◆ The data
⟨

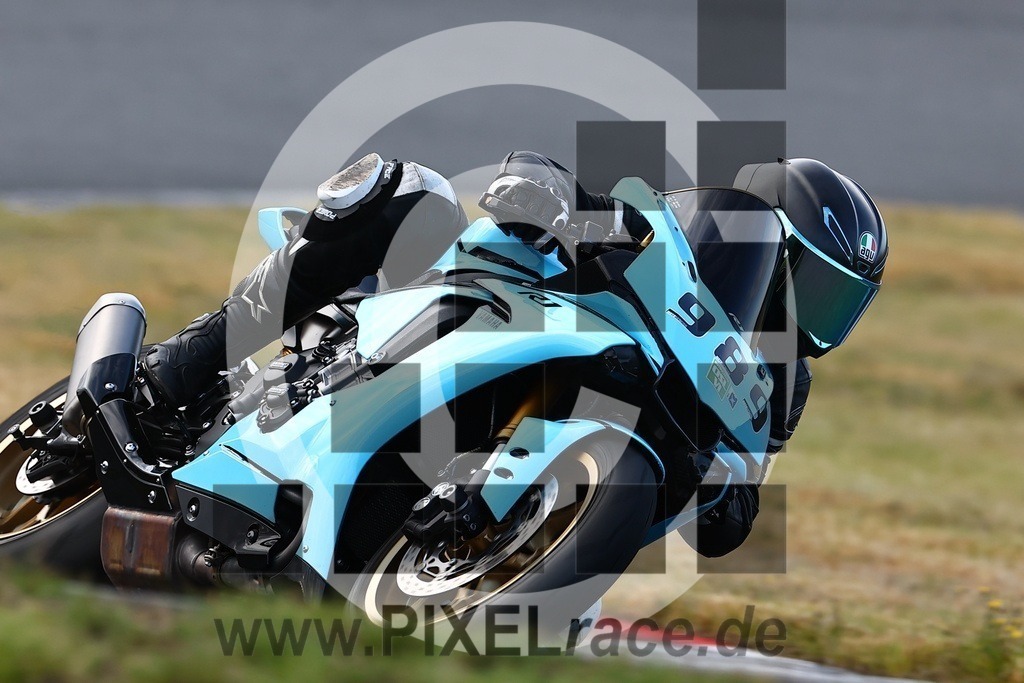 0989-20240915_06927 | Schöne Erinnerungen an spannende Momente - das festzuhalten ist unser Job. PIXELrace.de ist seit 2003 auf den Rennstrecken Europas unterwegs um die Action draußen beim Fahren und die wunderbare Stimmung imm Fahrerlager für euch einzufangen.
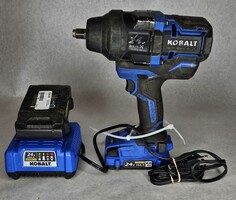 Kobalt KXIW 124B-03 1/2 Inch Brushless Impact Wrench with 2 Batteries Charger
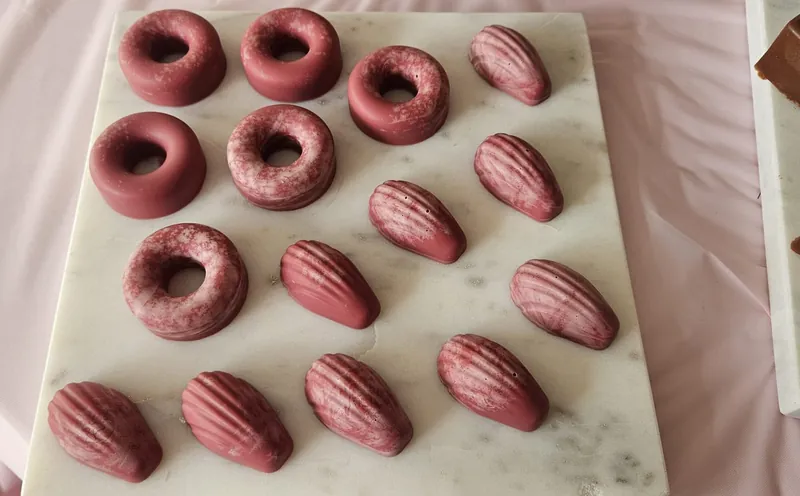 Roze chocolade donuts en schelpvormige chocolaatjes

⟩

◆ Task to carry out
Leave out the pictures, and write out all the remaining data above exactly.

◆ Answer below
 0989-20240915_06927 | Schöne Erinnerungen an spannende Momente - das festzuhalten ist unser Job. PIXELrace.de ist seit 2003 auf den Rennstrecken Europas unterwegs um die Action draußen beim Fahren und die wunderbare Stimmung imm Fahrerlager für euch einzufangen.
 Kobalt KXIW 124B-03 1/2 Inch Brushless Impact Wrench with 2 Batteries Charger
 Roze chocolade donuts en schelpvormige chocolaatjes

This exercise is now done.